Sean Murphy said that the IRA would, if necessary, defend the ghettoes. Some of us questioned him about whether the IRA had the resources to do that. Sean said that ‘the army’ had modern weapons which he, for one, had been trained to use. In the event of serious attacks on Catholic areas these weapons would be used to defend them. Sean was an honest man but it transpired that he had been misled.
At the beginning of August we were contacted by Granada TV’s “World in Action.” Producer, Gus McDonald wished to make a program featuring Dr Paisley and a Catholic priest of similar ilk. The future Lord McDonald believed that such a confrontation would make “great television”. We did our best to convince Gus that, while there was no scarcity of ignorant bigoted Catholic clerics, such a confrontation would not be allowed by the Bishop who was in charge of such clerics. Gus was hard to convince. Finally we persuaded him to take his team to Derry for 12 August where there might well be “great television” waiting to be filmed. This he duly did and got quite a scoop.
“AUGUST 1969”
The annual Apprentice Boy’s march in Derry was the occasion when Northern Ireland began to implode. The Bogside, sick of triumphalist Orange displays, demanded the banning of the march. The Stormont regime refused to ban the march. The Bogside took to making petrol bombs. On 12 August the shit hit the fan. RUC men in riot gear tried to enter the Bogside. They were backed up by some stone-throwing Apprentice Boys. Young and old in the Bogside defended their area. The low-lying Bogside was covered in a blanket of CS gas. Bernadette Devlin MP was to the fore in the battle of the Bogside.
I answered the phone in Michael Farrell’s house when Bernadette rang. She did not beat about the bush. “Go out, and burn Royal Avenue,” she urged. Worried that Michael’s phone was tapped I made a non-committal reply and quickly passed the phone to Michael. That evening Bernadette appeared on television news urging “the men of Ireland” to rally to the defence of the Bogside.
On the following afternoon the NICRA executive called an emergency delegate conference in St Mary’s Hall. From the platform we were instructed to go to our home areas and riot with the purpose of forcing RUC withdrawal from Derry. This was not exactly the “order for the country-wide advance” but it seemed a bit like that at the time.
Dermot Healey drove me to Enniskillen in a small white van. Dermot was a very good mechanic and a skilled driver. He had souped up the engine of the van so that it was capable of reaching alarming speeds.
I had arranged for Fermanagh PD and anyone else who was willing to assemble at the shops in Cornagrade housing estate. There were nearly two hundred of us. Many had heard Taoiseach Jack Lynch’s broadcast in which he said that his government could not stand by while the North disintegrated. This phrase made some believe that Lynch intended to send the Free State army into the Bogside and some border areas. There was no truth in this but the thought of such a development made the Catholic crowds more determined. Lynch’s speech also made the Unionists more apprehensive.

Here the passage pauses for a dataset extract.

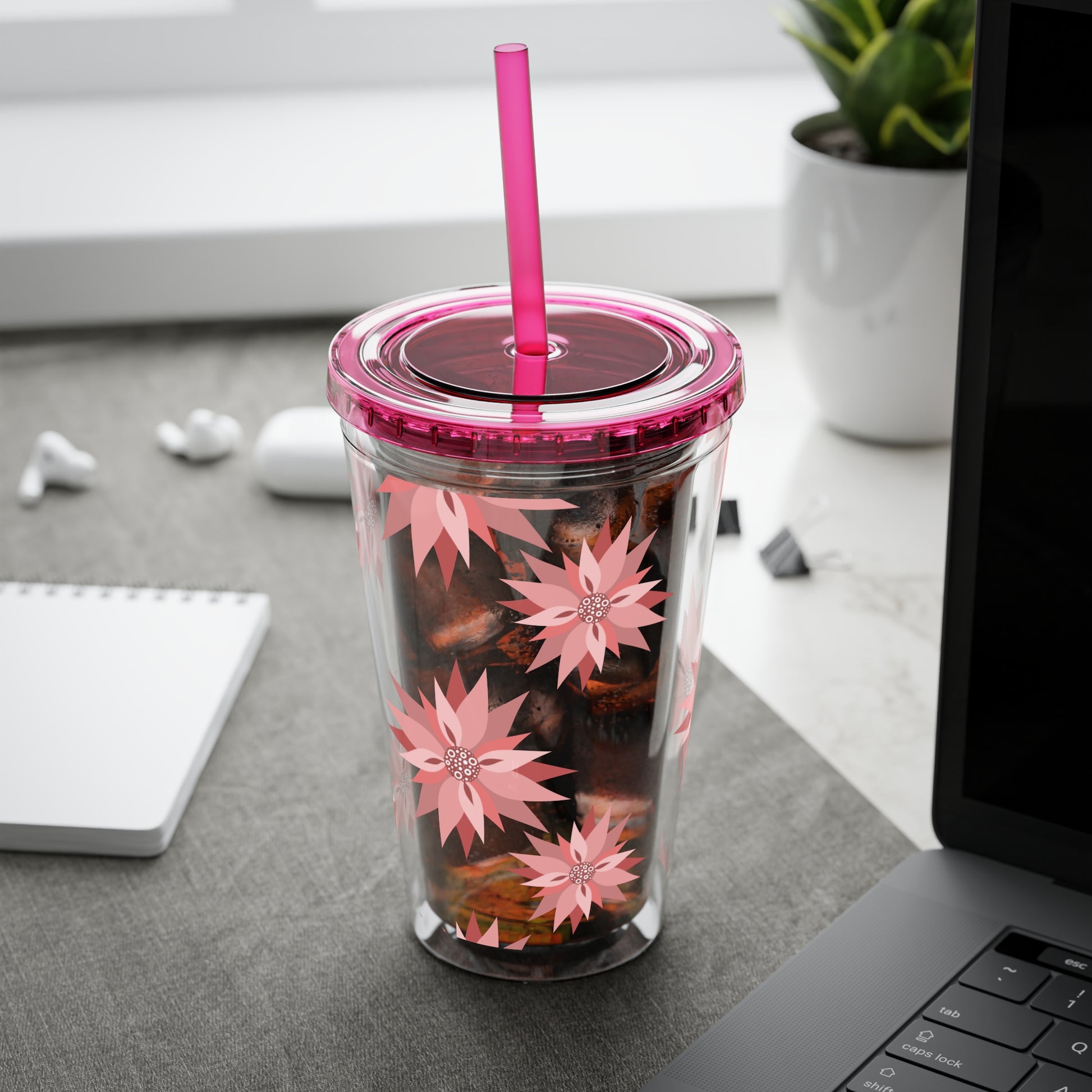 Sunsplash Floral Tumbler, 16oz  image 13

In Enniskillen we began to prepare to fight the RUC. My old friend, the Nationalist Councillor, popped up. He arranged with the officer-in-charge of the RUC that if we moved off the roadway and held a meeting in Donnelly’s field everything would be alright. Apparently only public meetings were banned. Meetings on private property were legal. There were at least two problems with this piece of ingenuity. Moving into the field would allow the RUC to surround us and in any case we had come there to fight the RUC.
The ensuing skirmish was short enough but fierce while it lasted. I marveled at a middle-aged man wearing a gabardine overcoat. From the inside pockets of the coat he would produce a bottle which he threw with great accuracy at the RUC lines. Then he would have a smoke before taking out another bottle.

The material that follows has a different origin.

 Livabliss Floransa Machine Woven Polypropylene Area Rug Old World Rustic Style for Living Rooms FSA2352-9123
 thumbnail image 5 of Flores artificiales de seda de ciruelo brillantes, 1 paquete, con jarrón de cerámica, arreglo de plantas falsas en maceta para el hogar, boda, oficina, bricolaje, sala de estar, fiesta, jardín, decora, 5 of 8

We dispersed after thirty minutes or so. The RUC were being reinforced by ‘B’Specials. None of us were arrested. The RUC had taken a few casualties. One of them had his jaw broken by a half-brick. Dermot and me took refuge in a house on the estate. We were given tea and sandwiches. When the RUC finally withdrew we recovered the van and went back to Belfast via Monaghan because we thought there might be roadblocks at the Ballgawley roundabout. We returned safely to Belfast.

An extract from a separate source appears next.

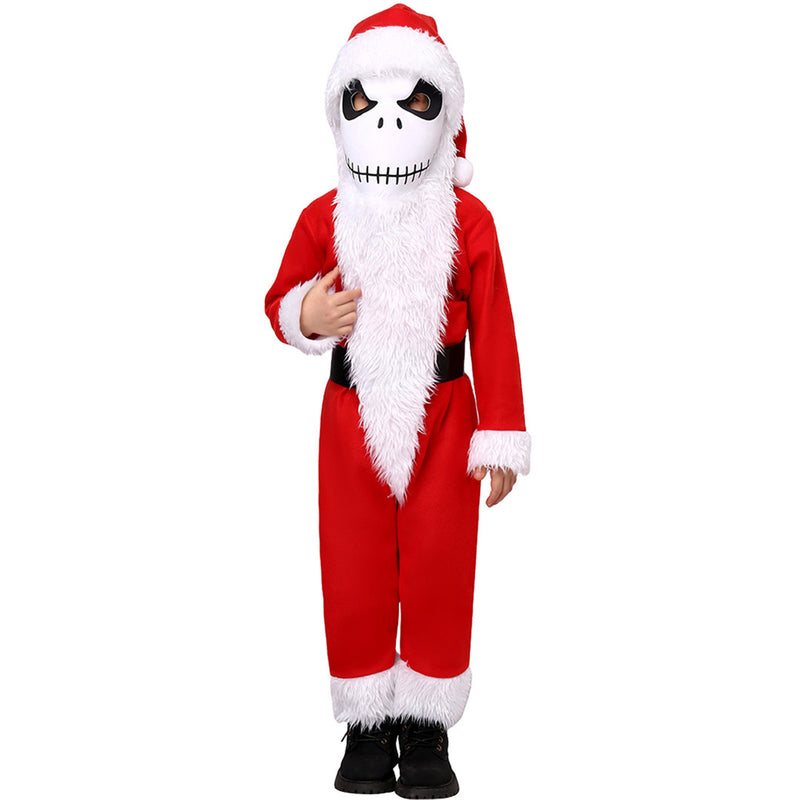 The Nightmare Before Christmas Jack Skellington Santa Claus Kids Cosplay Costume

Our little riot was a trivial affair compared to what happened elsewhere. In Armagh City ‘B’Specials from Tynan opened fire on an unarmed crowd. They shot John Gallagher dead and wounded several others. In Belfast, armed Unionists, many of them ‘B’Specials, invaded the Lower Falls. They were stopped by the Belfast IRA who resisted with petrol bombs, revolvers and a few antique Thompson guns. The volunteers of the Belfast Brigade had been trained to use the most modern weapons but the Dublin leadership refused to open the arms dumps. The seeds of the split in the Republican Movement had been sown years before but the division took root in Belfast in August 1969.
The RUC roamed West Belfast in armoured cars with mounted machine guns which they fired with little regard to who they hit. They killed eight year old Patrick Rooney in his bed. They also killed Trooper McCabe who was home on leave from the British Army of the Rhine. Trooper McCabe had tried to defend the family home in Divis Flats from them. In Ardoyne, Gerard McCauley, a member of Fianna Eireann, died.
On the following day Michael, Orla and myself decided to move into the Catholic ghetto. Someone had tried to burn Michael’s car outside his home in Stranmillis. The senior leadership of the Republican movement in Northern Ireland had been interned at the beginning of the month and we thought they might soon come looking for us. We moved, leaving behind a comrade with a legally held .22 rifle in case the idiot who had tried to burn Michael’s car came back. We had a medium wave radio transmitter. In Andersonstown Michael negotiated with the most senior of the remaining IRA leadership and we agreed to set up a radio station as a joint operation. Michael and Orla were allocated a house in the Lower Falls. I was billeted in a house in Sultan St.
There was a feverish air in the Lower Falls. Barricades were being built at the end of every street. A sniper was firing into the area from the Conway Mill. At least it was thought that he was in the Mill. Wherever he was he took potshots at anything that he could see. Volunteers from the area set the Mill on fire. The sniping stopped.
The next morning we went to a house in Andersonstown where we were ushered into a front room. Volunteers of the Belfast Brigade were sitting on the floor with their weapons beside them. Sean Murphy was there. He had been wounded in the foot and was propped against the wall. I sat down beside him and asked him how things were. He was not a happy man. The night before he had been given a .45 revolver and accompanied by six men with petrol bombs ordered to attack one of the armoured cars. He fired one round at the armoured car and the others threw their petrol bombs at it. The armoured car stopped, slewed the machine gun in their direction and fired a burst which brought the bricks from the wall they were crouched behind down on their heads. It was hardly a surprise that Sean went with the Provisionals when the split was formalized.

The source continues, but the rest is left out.